Dyskusja na temat legalizacji marihuany toczy się na forum prawie wszystkich zachodnich partii lewicowych od połowy lat 90. Po Francji i Niemczech przyszłą kolej na Wielką Brytanię.
Za pierwszej kadencji premiera Tony'ego Blaira przeciw legalizacji marihuany zdecydowanie opowiadał się Jack Straw, ówczesny minister spraw wewnętrznych. W nowym gabinecie Blaira następca Strawa, David Blunkett, zmienił linię. - Jestem gotowy do dojrzałej, inteligentnej debaty na temat dekryminalizacji posiadania marihuany - mówi. - Rzecz nie w tym, by określać od razu: jestem za lub przeciw. Pomyślimy spokojnie, rozważymy wszystkie racje. Nasze decyzje nie mogą być podejmowane ani pod wpływem tekstów prasowych, ani histerii.

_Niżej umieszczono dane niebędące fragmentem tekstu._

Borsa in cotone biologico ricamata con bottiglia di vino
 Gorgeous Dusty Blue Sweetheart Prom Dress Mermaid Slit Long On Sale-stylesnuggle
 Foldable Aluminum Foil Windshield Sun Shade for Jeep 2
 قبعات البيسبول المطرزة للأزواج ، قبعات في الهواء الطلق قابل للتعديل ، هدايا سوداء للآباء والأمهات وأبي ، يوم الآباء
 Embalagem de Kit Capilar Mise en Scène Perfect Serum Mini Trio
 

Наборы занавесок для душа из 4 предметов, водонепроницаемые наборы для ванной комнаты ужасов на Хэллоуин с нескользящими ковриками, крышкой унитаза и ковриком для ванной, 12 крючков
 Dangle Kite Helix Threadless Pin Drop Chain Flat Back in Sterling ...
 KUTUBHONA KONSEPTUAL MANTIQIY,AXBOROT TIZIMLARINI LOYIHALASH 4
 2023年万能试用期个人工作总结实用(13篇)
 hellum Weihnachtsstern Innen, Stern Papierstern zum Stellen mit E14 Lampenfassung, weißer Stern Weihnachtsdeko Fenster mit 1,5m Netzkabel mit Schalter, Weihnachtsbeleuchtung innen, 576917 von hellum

Minister spraw wewnętrznych odniósł się w ten sposób do coraz bardziej dynamicznej kampanii na rzecz legalizacji miękkich narkotyków. Jej liderzy, na czele z laburzystowskim posłem Paulem Flynnem, domagają się swobodnej sprzedaży tych narkotyków w licencjonowanych sklepach i barach. Zwolennicy legalizacji "trawki" uzyskali już poparcie byłych szefów MSW Roya Jenkinsa i lorda Bakera oraz byłego glównego inspektora więziennictwa, Davida Ramsbothama. Do debaty wzywa też Mo Mowlam, minister odpowiedzialny za walkę z narkotykami w poprzednim rządzie Blaira.
Oczywiście, zwolennicy legalizacji deklarują, że ewentualne nowelizacje prawne nie wpłyną na ich sprzeciw wobec stosowania twardych narkotyków, takich jak heroina czy crack. Część specjalistów zaangażowanych w walkę z narkomanią uważa, że postawa taka jest hipokryzją. Dave Rickley, opiekun uzależnionych młodych ludzi z Bristolu, podkreśla na łamach prasy, że to właśnie "trawka" jest pierwszym krokiem na drodze do uzależnienia od silniejszych narkotyków. - Istnieje ogromna przepaść między nastolatkiem, który nigdy niczego nie brał, a tym, który pali "trawkę". Odrzucam stwierdzenia, że nie ma żadnej różnicy między siłą oddziywania papierosów czy alkoholu, a "trawki". Jest, i to ogromna. w brytyjskich warunkach sięgnięcie po "trawkę" to początek pewnego stylu życia, który niezwykle często prowadzi do twardych narkotyków - mówi.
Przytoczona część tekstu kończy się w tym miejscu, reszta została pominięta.